* _What is being asked_: Keep every line of the data below that has the string "with" and present those lines.

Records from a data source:
====
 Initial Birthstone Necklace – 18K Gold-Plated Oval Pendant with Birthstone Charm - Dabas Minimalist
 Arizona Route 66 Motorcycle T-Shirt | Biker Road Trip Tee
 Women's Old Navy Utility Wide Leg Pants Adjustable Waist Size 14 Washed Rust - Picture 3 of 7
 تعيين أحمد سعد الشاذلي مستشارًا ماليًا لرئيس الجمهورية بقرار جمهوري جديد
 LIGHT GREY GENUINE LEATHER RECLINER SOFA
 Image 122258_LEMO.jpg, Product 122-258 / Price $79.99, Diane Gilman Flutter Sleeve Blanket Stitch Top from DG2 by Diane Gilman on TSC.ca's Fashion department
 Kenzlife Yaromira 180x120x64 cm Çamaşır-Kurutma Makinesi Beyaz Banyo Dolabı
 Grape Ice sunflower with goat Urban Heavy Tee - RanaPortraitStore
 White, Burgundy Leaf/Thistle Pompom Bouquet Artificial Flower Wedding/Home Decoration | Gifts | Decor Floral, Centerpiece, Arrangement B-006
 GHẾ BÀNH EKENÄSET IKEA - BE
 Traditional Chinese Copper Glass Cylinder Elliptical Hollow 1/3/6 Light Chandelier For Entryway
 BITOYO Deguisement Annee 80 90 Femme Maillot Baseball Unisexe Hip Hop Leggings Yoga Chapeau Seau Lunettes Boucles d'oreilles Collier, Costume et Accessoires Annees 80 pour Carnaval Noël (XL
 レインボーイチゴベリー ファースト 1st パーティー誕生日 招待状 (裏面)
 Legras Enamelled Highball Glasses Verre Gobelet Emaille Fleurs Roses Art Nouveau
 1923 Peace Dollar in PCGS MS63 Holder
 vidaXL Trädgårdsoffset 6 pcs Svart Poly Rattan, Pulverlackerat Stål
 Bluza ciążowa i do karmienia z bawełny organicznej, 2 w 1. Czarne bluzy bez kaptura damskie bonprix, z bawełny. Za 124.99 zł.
====
* _Solution_:
 Initial Birthstone Necklace – 18K Gold-Plated Oval Pendant with Birthstone Charm - Dabas Minimalist
 Grape Ice sunflower with goat Urban Heavy Tee - RanaPortraitStore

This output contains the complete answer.